Seriously, we need a powerful entropy-based spam filter for these. They are so easy to detect but computationally expensive unless you can develop a heuristics on what are considered high in entropy. A bunch of consonants with little vowels? No. Some languages have tonnes of consonants with little vowels. Long words? No. Some languages allow super long words (due to concatenation of words—ah, this problem is also what makes it hard for NLP guys to segment sentences in those languages).
Well, I guess I’m asking too much…
I think the best one would simply match against dictionary words. No not all dictionary words. It’s much easier if you have a substantial dictionary of stop words and basic grammar words. It will do well in most languages I know of. Say in english, how many sentences can you go without ‘is’ (and all other form of ‘to be’), ‘a/an/the’, ‘-ing’, or ‘hi/hello’? Not much. In French: ‘le’, l’, d’. In Chinese: 了，呢，不. In Japanese: の、わ、が? With a little more knowledge of what languages you’re expecting to receive, you can make such entropy-based filtering even better.

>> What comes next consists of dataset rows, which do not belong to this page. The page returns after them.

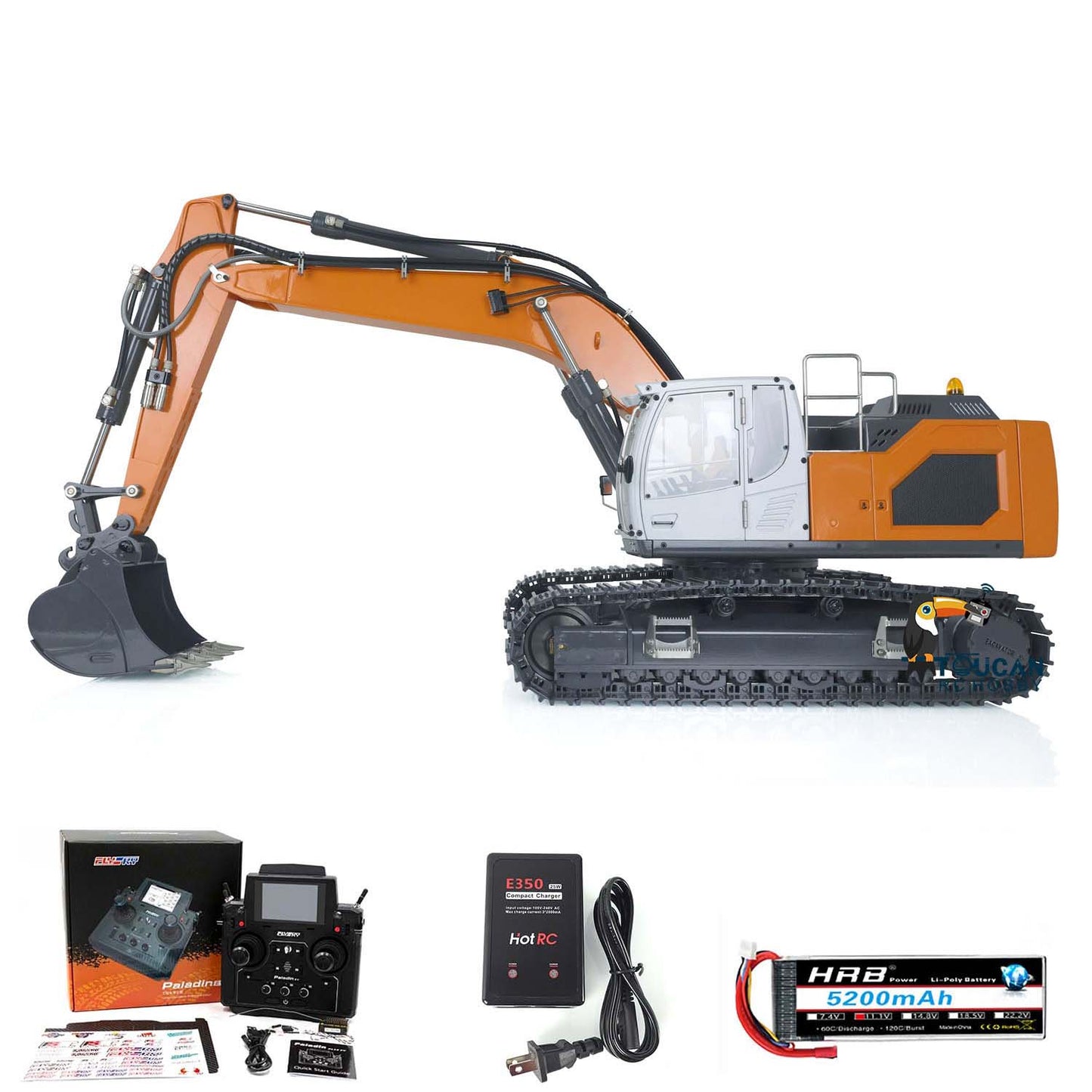 Excavatrice hydraulique RC RTR 945 en métal XDRC 1/14 avec vannes d'inversion 5 canaux et émetteur PL18EV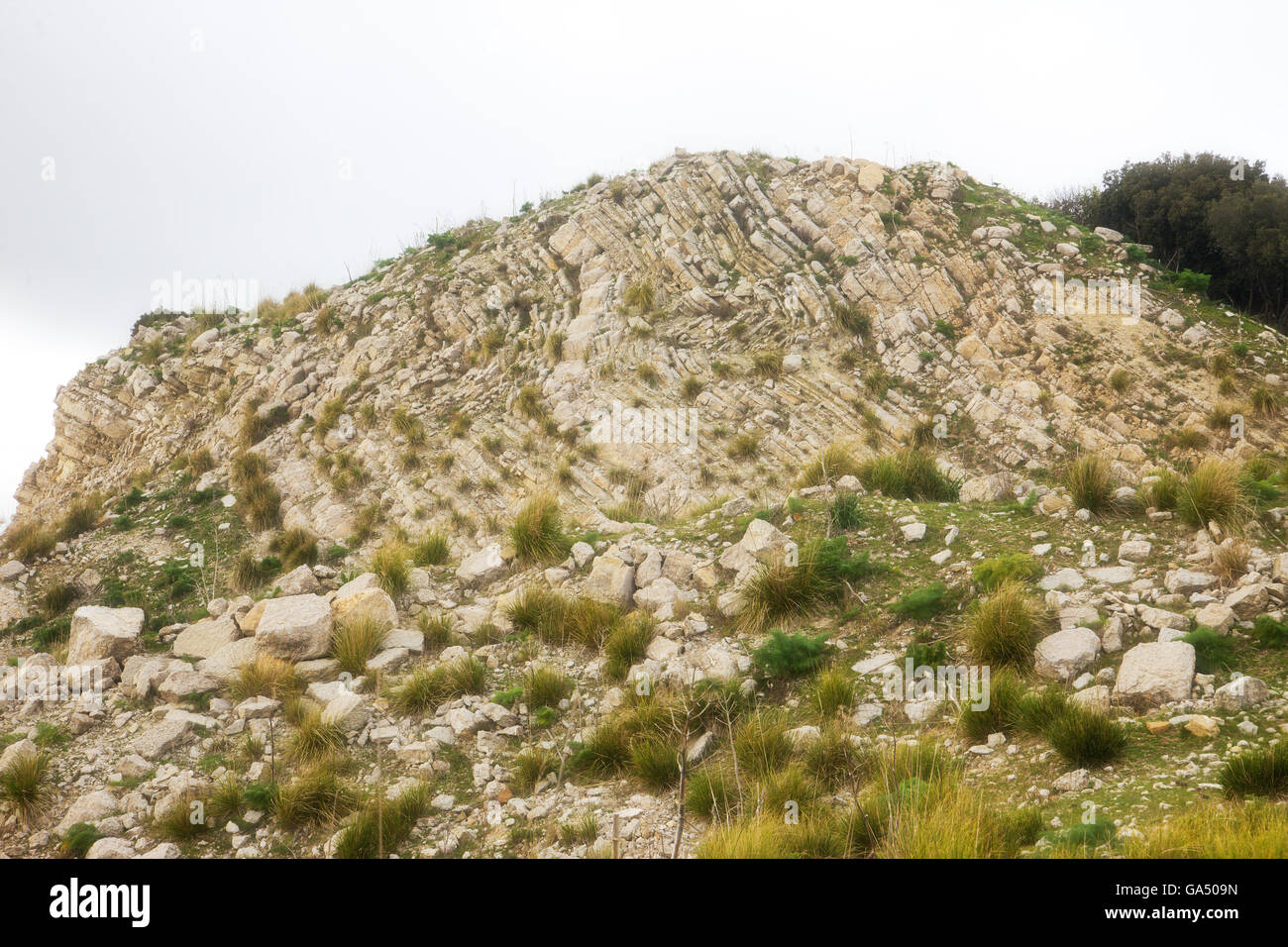 Geological folds to Mons Iudica. Castel di Iudica. Sicily Stock Photo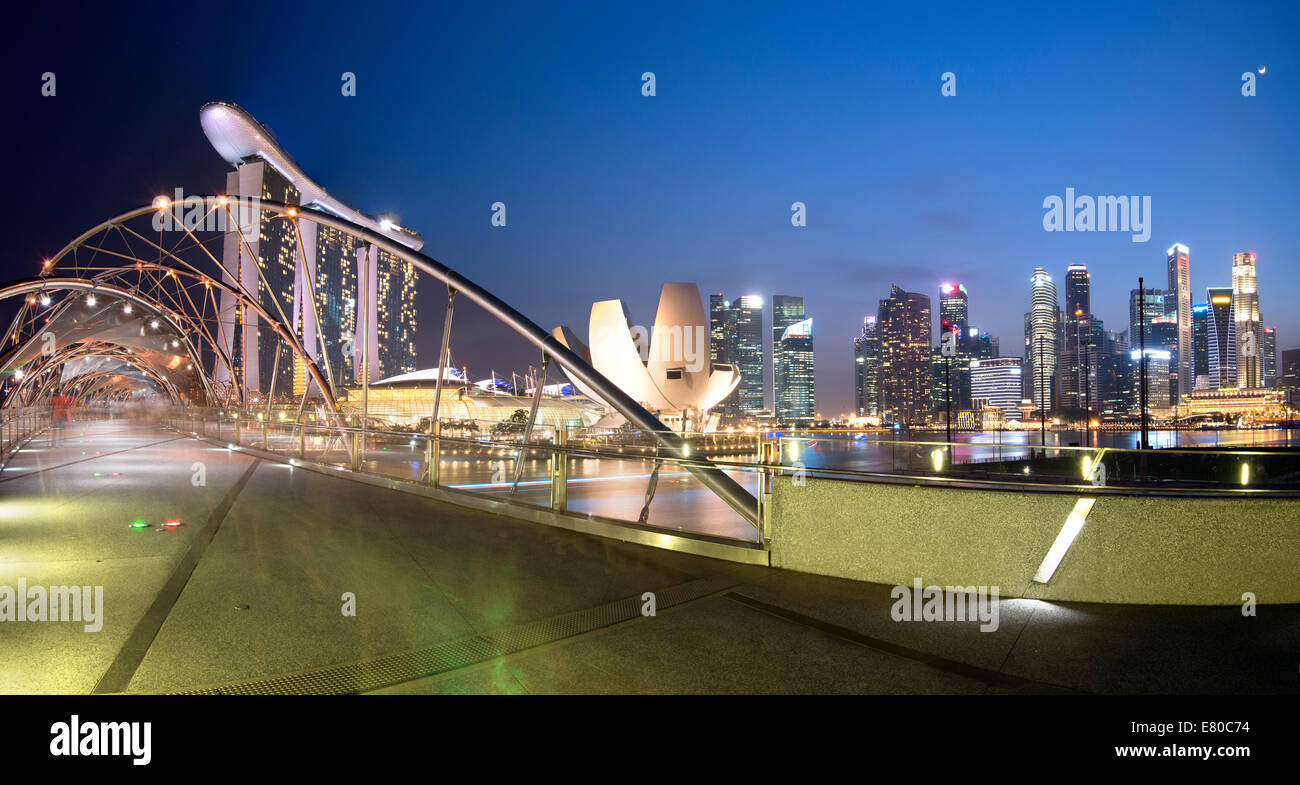 Singapore Marina Bay Financial District Cityscape Stock Photo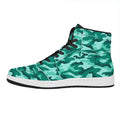 Teal Camouflage Print High Top Leather Sneakers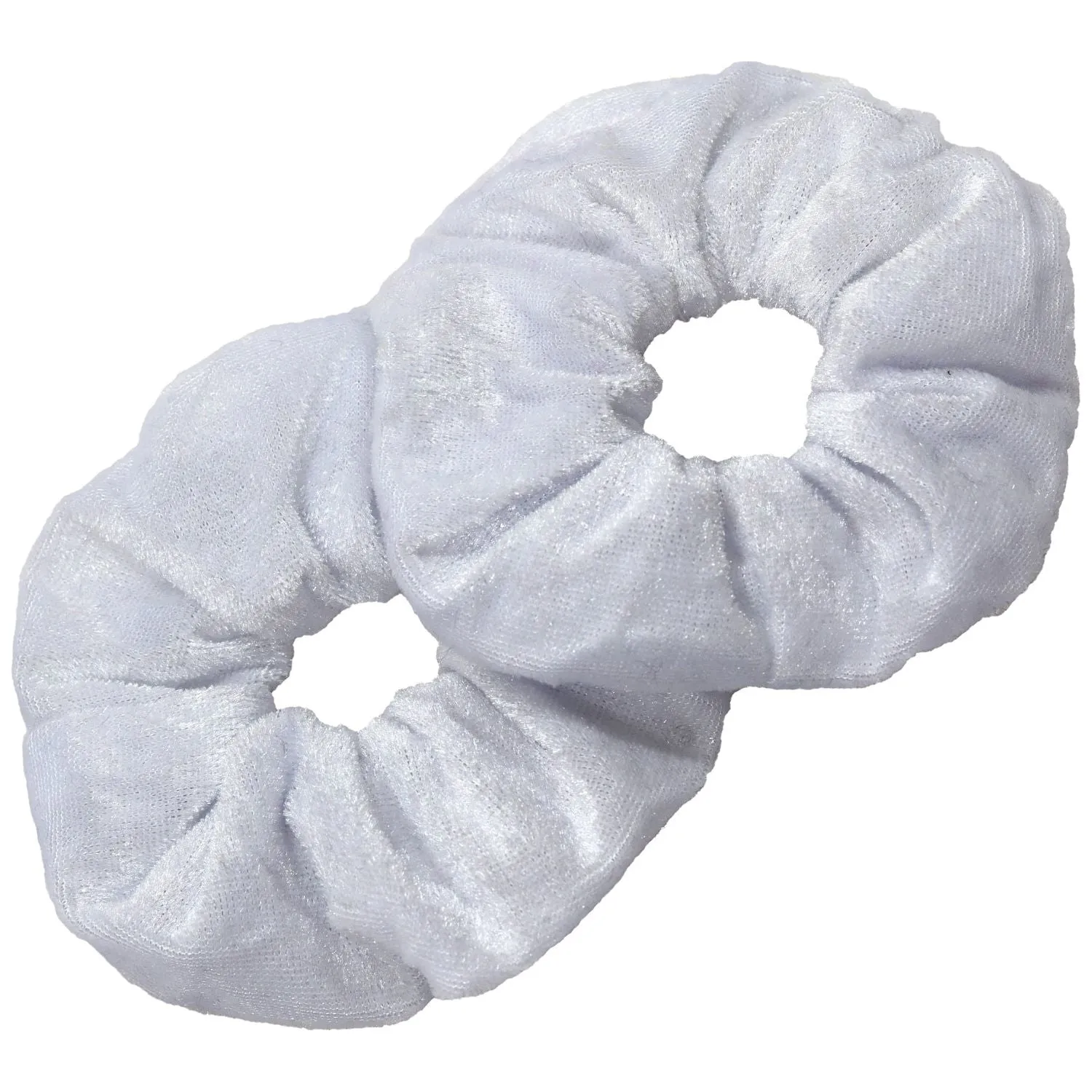 White Velvet Scrunchies - 2 Pack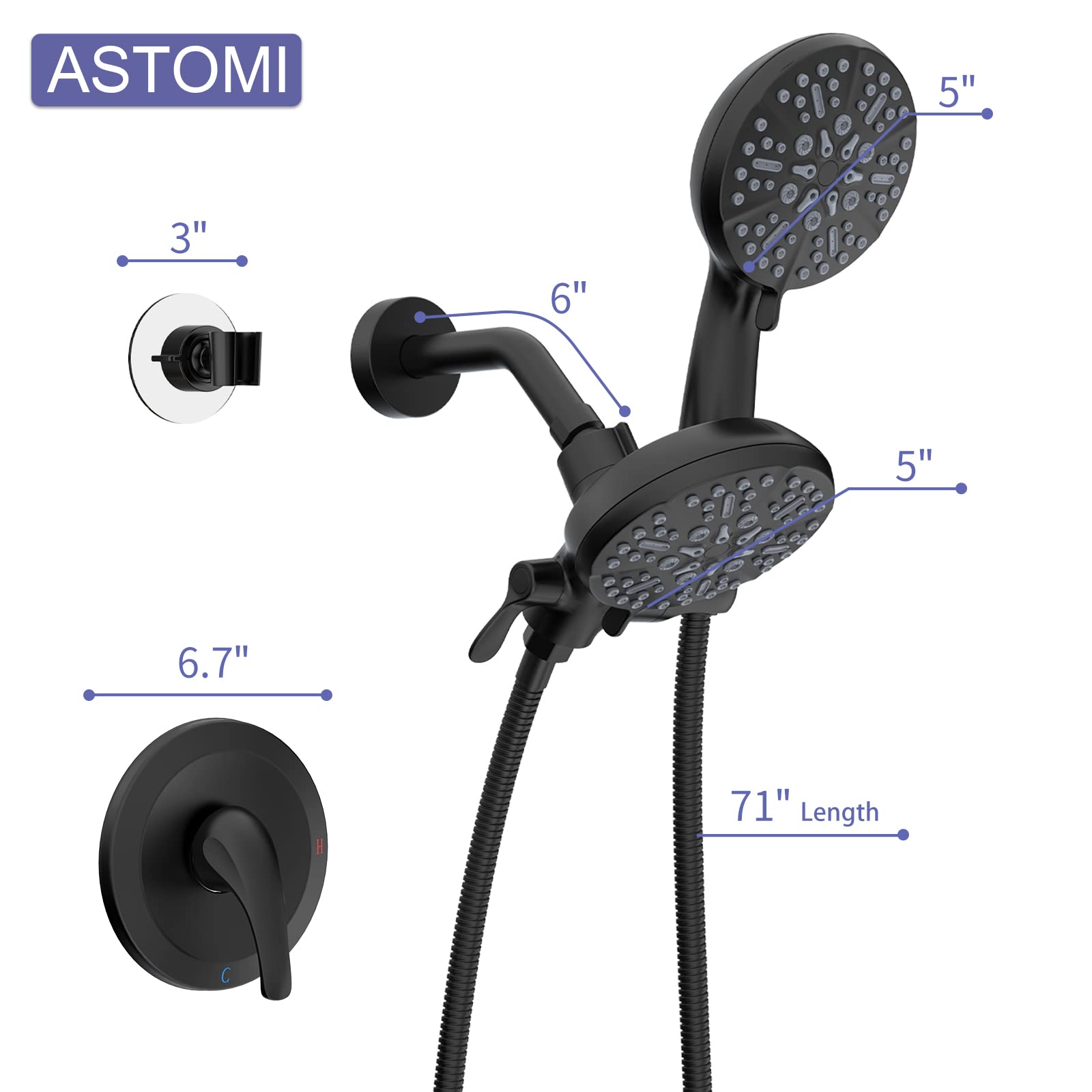 Dual Shower Head Wall Mounted System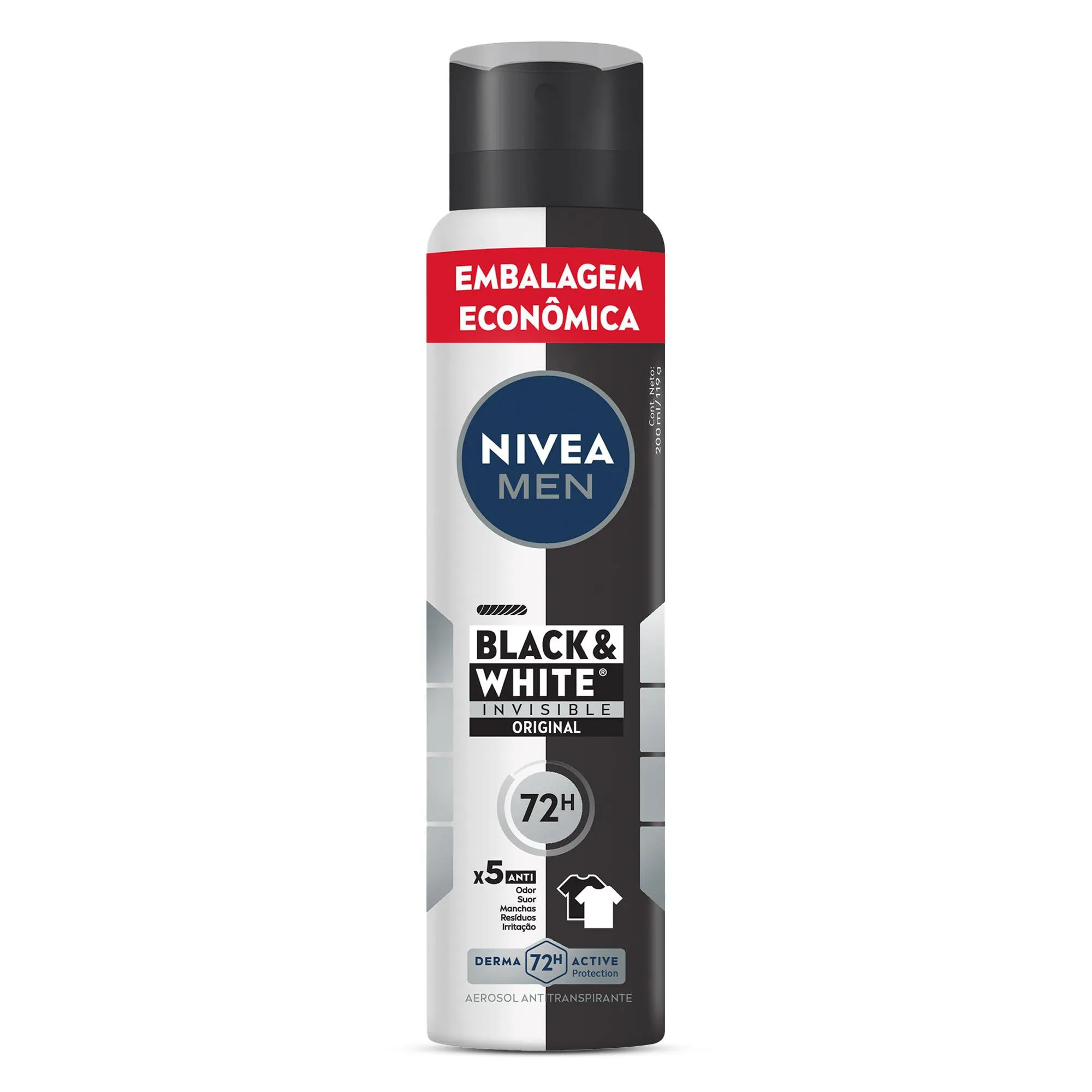Desodorante Antitranspirante Nivea Men Black & White Invisible Original 72h Aerossol 200ml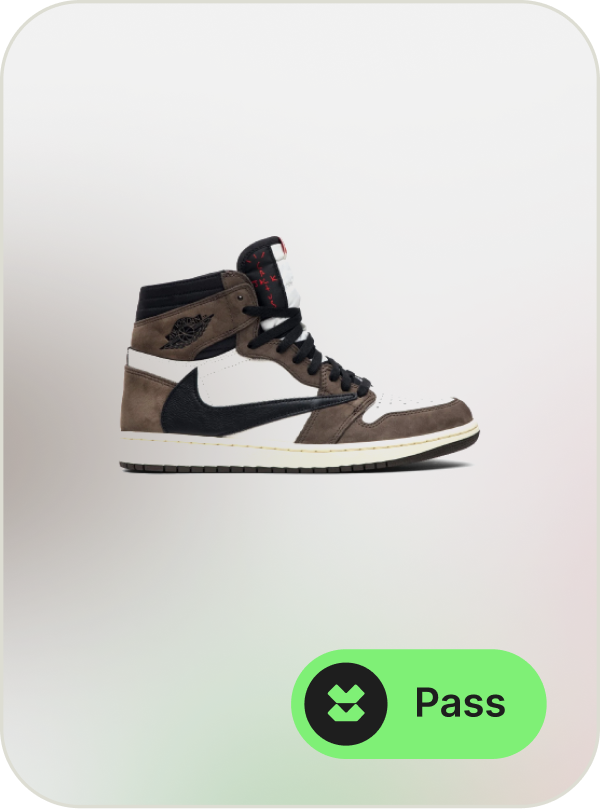 A set of 3 illustrative cards, The one in the front displays a sneaker (passed). The other two at the back contains a collectible toy (did not pass the inspection), and a luxury bag (passed).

Machine learning? Probably not. Well, it might be possible but limited. Spam filter needs to be fast if it were to scale (say, to be used by GMail). What you can do though is to perform a training session that produces filtering rules that may be executed quickly against the message (a simple machine learning way would be to train against a corpus of spam and produce a dictionary lists of banned words). Oh well, but those would be out of my league. I don’t need too advanced a filter.
All right. Seems these spam comments have at least done me some good and let me think through some stuffs quite a bit. (And it makes me realize that some sentences means the same in Russian and Ukrainian.)